Companies such as NetApp Inc., which sells hardware and software for storing data, have yet to benefit from a boost in spending as waning demand for their products and services translates into lower returns. The Sunnyvale, California-based company last week forecast first-quarter earnings that trailed analyst estimates, citing increasing uncertainty about the economic environment.
Dell Inc. CEO Michael Dell said revenue will miss estimates for the period ending in July as he’s seeing a “delay and pause in spending activity” by larger customers. Cisco Systems Inc. CEO John Chambers also said earlier this month that a decline in orders from big companies hurt fourth-quarter sales projections.
‘Growth Opportunities’
To Pioneer Investments’ John Carey, the slower-than-average expansion is a benefit for CEOs because they can increase capital spending at a steady pace, enabling a broader expansion for the economy over a longer period.
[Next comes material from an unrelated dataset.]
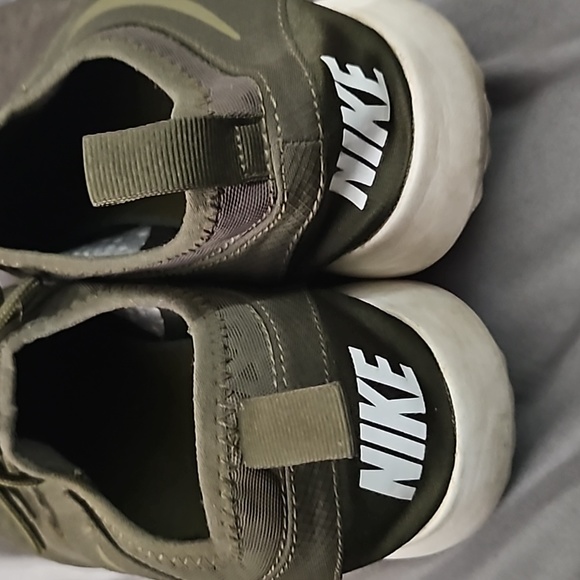 *Sale at this hour* Hunter green Nike slip on athleisure shoe - Picture 2 of 4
“Companies are now seeing some attractive growth opportunities for the long term,” Carey, who helps oversee about $220 billion at Pioneer in Boston, said in a telephone interview on May 23. “The more moderate growth rate means that companies don’t have to feel quite as pressured to hire lots of people and build lots of new plant right away, they can take their time and plan in a more deliberate way.”
“That’s a positive for creating conditions for a more sustained kind of recovery,” he said.